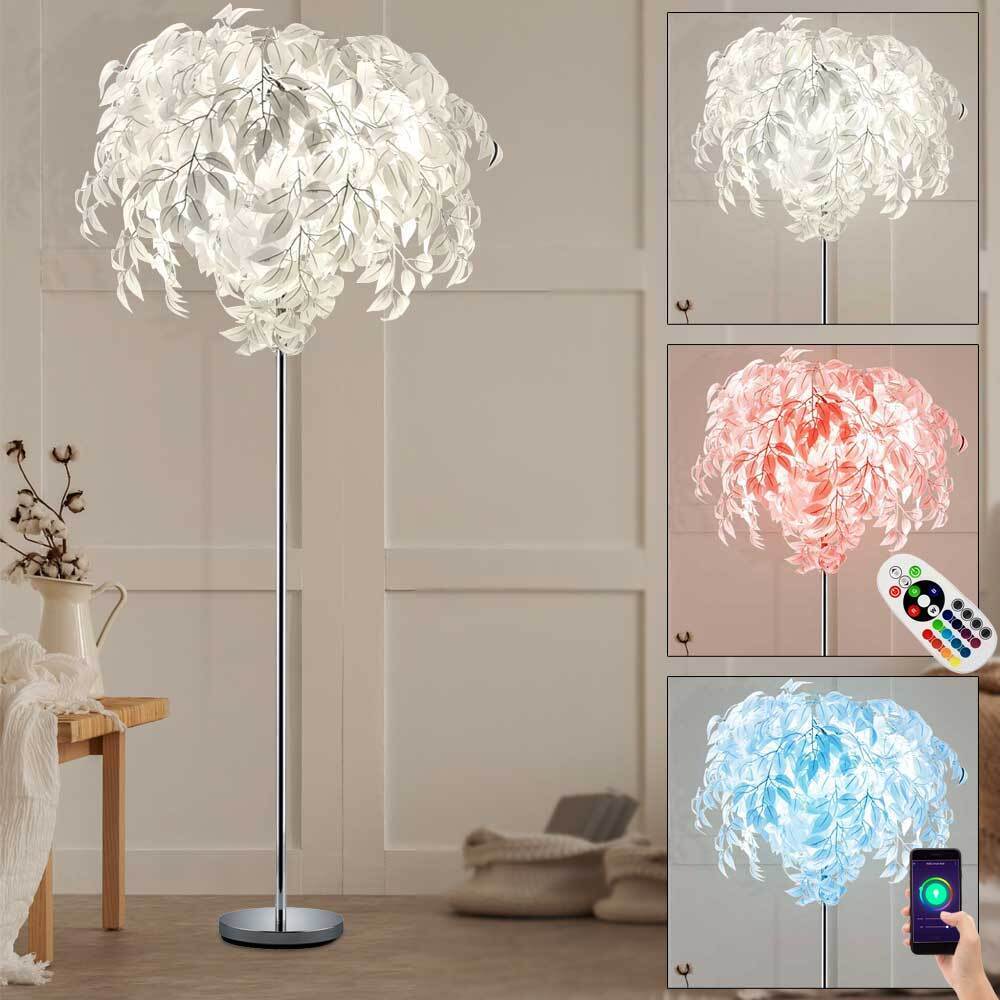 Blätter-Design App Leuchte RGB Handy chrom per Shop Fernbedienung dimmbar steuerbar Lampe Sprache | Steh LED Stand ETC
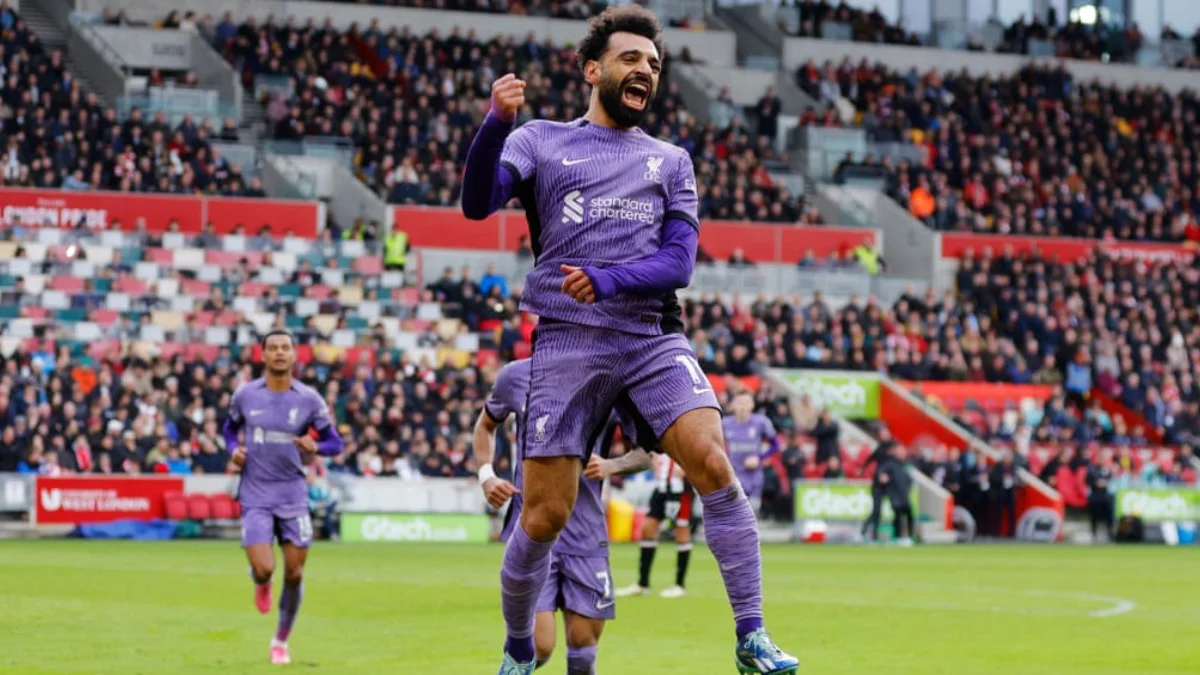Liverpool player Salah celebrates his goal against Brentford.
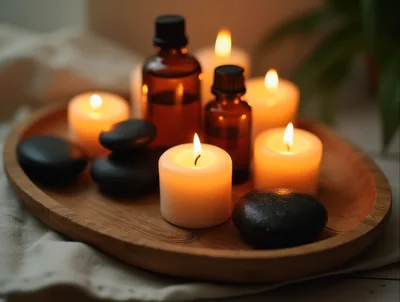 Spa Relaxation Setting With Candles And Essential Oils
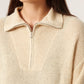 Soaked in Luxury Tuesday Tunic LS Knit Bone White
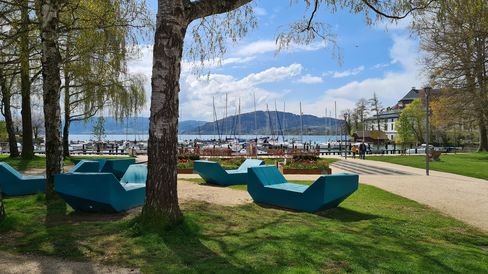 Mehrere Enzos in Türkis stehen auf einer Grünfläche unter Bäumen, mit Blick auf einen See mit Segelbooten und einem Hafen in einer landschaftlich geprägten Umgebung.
::::::::
**EXERCISE DIRECTIONS:** Only the lines from the one with "Liverpool player Salah" through the last line above belong in the answer. Reproduce them exactly, without the pictures.

**SOLVED PROBLEM:**
Liverpool player Salah celebrates his goal against Brentford.
 Spa Relaxation Setting With Candles And Essential Oils
 Soaked in Luxury Tuesday Tunic LS Knit Bone White
 Mehrere Enzos in Türkis stehen auf einer Grünfläche unter Bäumen, mit Blick auf einen See mit Segelbooten und einem Hafen in einer landschaftlich geprägten Umgebung.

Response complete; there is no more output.